Ces arguments ne peuvent être débattus à ce stade des procédures. Ils devront être présentés au moment où la requête pour permission d'appeler sera plaidée s'il y a lieu.

B- ARGUMENTATION DES INTIMÉS

Les deux parties admettent que la requête pour permission d'appeler a été présentée dans les délais. La Cour désire rappeler la teneur de l'article 2 du C.p.c. :>

     Les règles de procédure édictées par ce code sont destinées à
     faire apparaître le droit et en assurer la sanction ; et à moins
     d'une disposition contraire, l'inobservation de celles qui ne
     sont pas d'ordre public ne pourra affecter le sort d'une demande
     que s'il n'y a pas été remédié alors qu'il était possible de le
     faire. Ces dispositions doivent s'interpréter les unes par les
     autres et, autant que possible, de manière à faciliter la marche
     normale des procès, plutôt qu'à la retarder ou à y mettre fin
     prématurément

Denis Ferland et Benoît Émery, dans le Précis de procédure civile du Québec, écrivent(2) :

     La préséance du droit substantiel sur la procédure est aussi
     reconnue par la Cour suprême, qui n'hésite pas à affirmer que
     "rien n'est plus contraire aux principes du Code de procédure
     civile actuel, que la théorie de la nullité pour informalité",
     ajoutant même que "sauf devant une nullité décrétée par un texte
     législatif formel ne laissant aux tribunaux aucun pouvoir d'y
     remédier, la Cour suprême du Canada n'hésite pas à intervenir
     pour infirmer un arrêt qui rejette une demande au fond pour vice
     de forme". Selon la Cour suprême, "la pensée dominante qui a
     inspiré tout le nouveau code c'est le désir d'enterrer le vieil
     adage que "la forme emporte le fond", et "lorsque la décision sur
     une question de forme a pour conséquence qu'un justiciable est
     privé d'un droit important, elle cesse d'être vraiment une
     question de forme et devient une question de droit". Ainsi, comme
     les commissaires le suggéraient, le législateur a vraiment voulu
     que "la procédure reste la servante de la justice et n'en
     devienne jamais la maîtresse", et que "tout formalisme indu
     [soit] écarté", "la procédure judicieusement observée demeurant
     une garantie addition,, elle du respect des droits des
     justiciables ".

Les décisions sont semblables quant au fond et diffèrent uniquement sur les dommages accordés. Les motifs d'appel dans toutes les décisions sont les mêmes.

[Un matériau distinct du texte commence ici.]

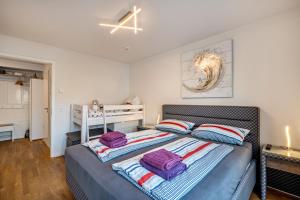 a bedroom with a bed with purple pillows on it at Ferienwohnung Moin am Meer in Scharbeutz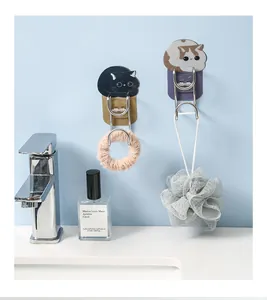 Detail of cute cat-shaped stainless steel wall hooks holding a loofah and hair tie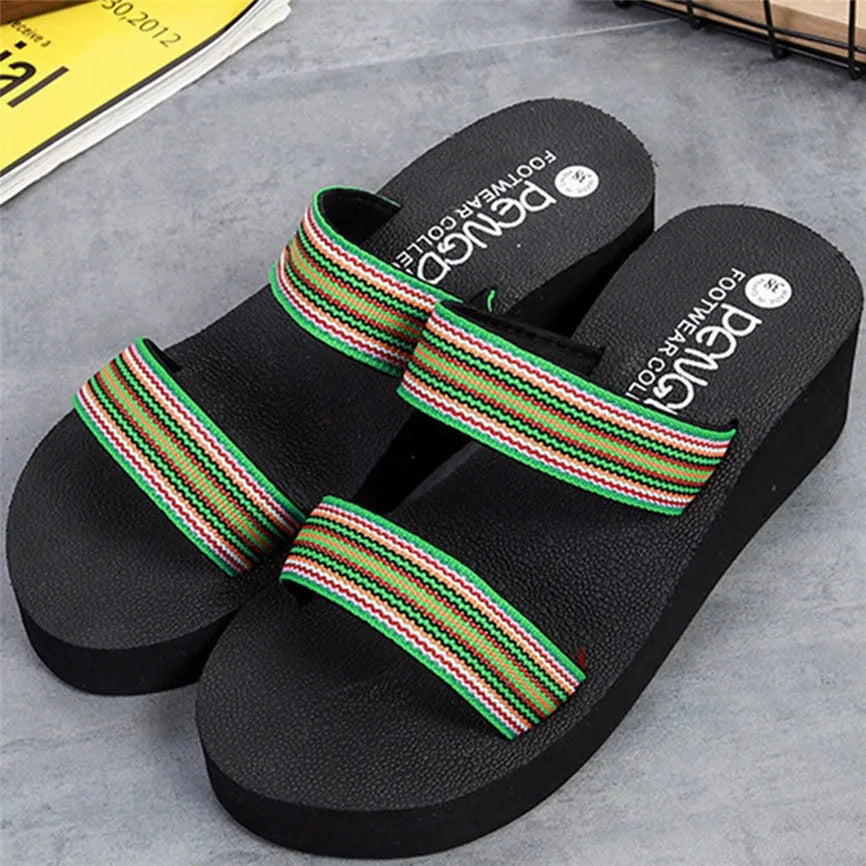 Brown women's bohemian slippers with an elasticated upper and adjustable ankle strap on a rubber sole.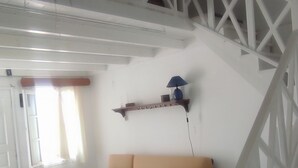 A living room with a white staircase, a beige sofa, and a white coffee table. - Abyssanto Villa (Santorini)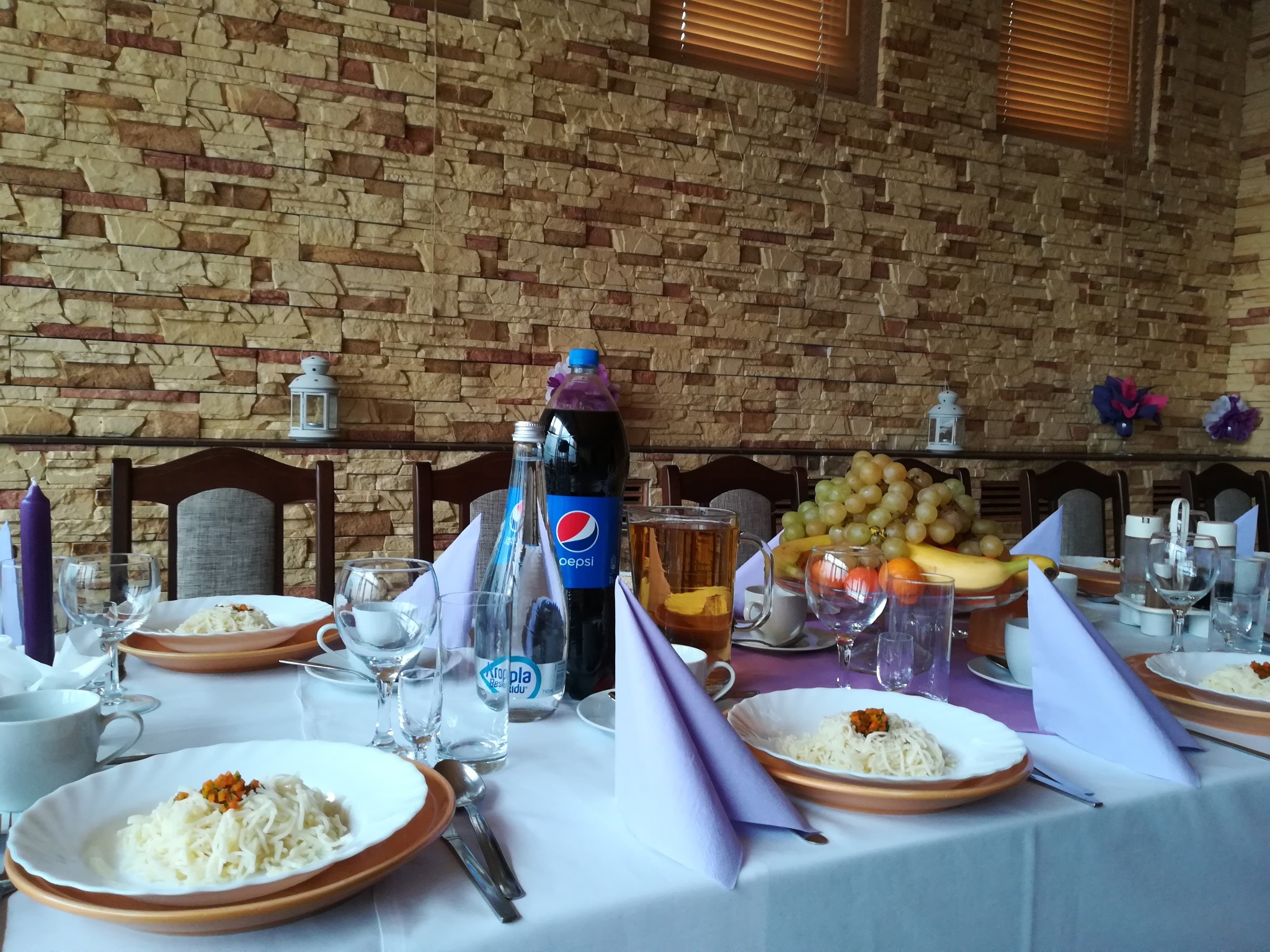 Uroczysty stół z białym obrusem, nakryty zastawą, daniami z makaronu z pomarańczową posypką, szklankami, napojami w butelkach i dzbanku, owocami, fioletowymi serwetkami, na tle ściany z cegieł...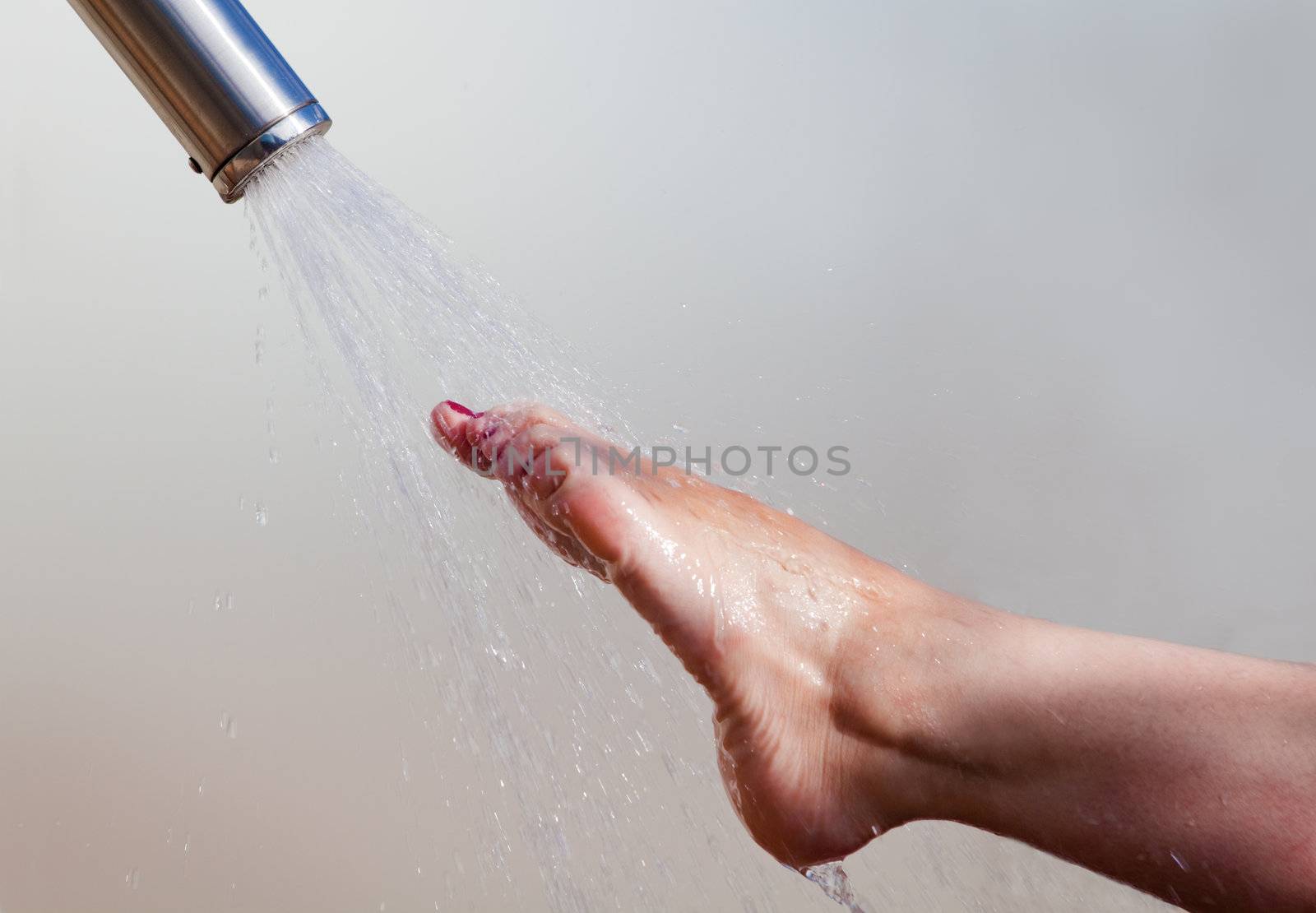 Detail of a girl's foot and water jet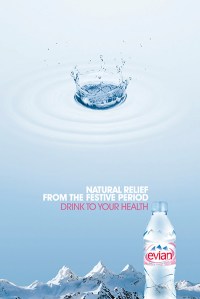 Bottle of Evian water with a mountain range background with a drop of water above.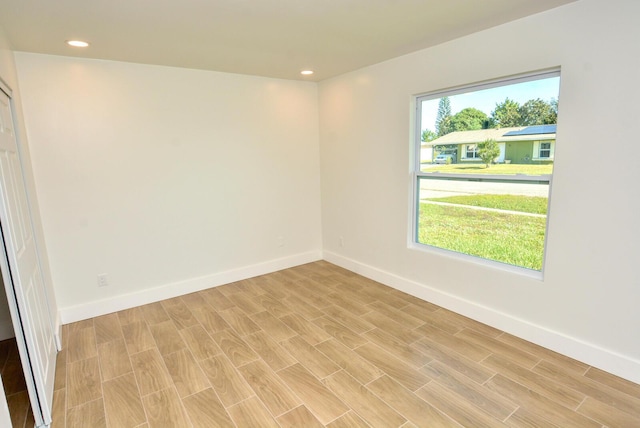 spare room with recessed lighting, light wood-style flooring, and baseboards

Le procureur de l'Université de Montréal suggère à la Cour de recourir à l'article 93 de la Loi sur la Régie du logement pour régler le problème. Or, l'article auquel il est référé a été amendé en 1996. Il donnait alors au tribunal la possibilité d'autoriser un appel après l'expiration du délai si l'autre partie n'en subissait aucun préjudice grave.

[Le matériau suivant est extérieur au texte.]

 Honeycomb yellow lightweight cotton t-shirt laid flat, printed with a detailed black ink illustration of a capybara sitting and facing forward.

L'article modifié établit maintenant que "le délai est de rigueur et de déchéance", enlevant à la Cour toute possibilité d'accorder la permission d'appeler.

La Cour tient à clarifier un dernier point. Les parties diffèrent d'opinion sur la nature de la requête pour permission d'appeler. La partie requérante en irrecevabilité prétend que la demande est introductive d'instance et la partie intimée soutient le contraire. Il a été décidé(3) que :

     L'inscription en appel n'est pas introductive d'instance.

Cette notion n'a cependant pas d'importance dans le présent litige.

L'article 92 prescrit en effet :

     La demande pour permission d'en appeler être faite au greffe de
     la Cour du Québec du lieu où est situé le logement et elle est
     présentée par requête accompagnée d'une copie de la décision...

                                                 (Nos soulignements).

Ces dispositions sont impératives et le législateur confirme ainsi cette notion d'obligation que l'on retrouve à l'article 93.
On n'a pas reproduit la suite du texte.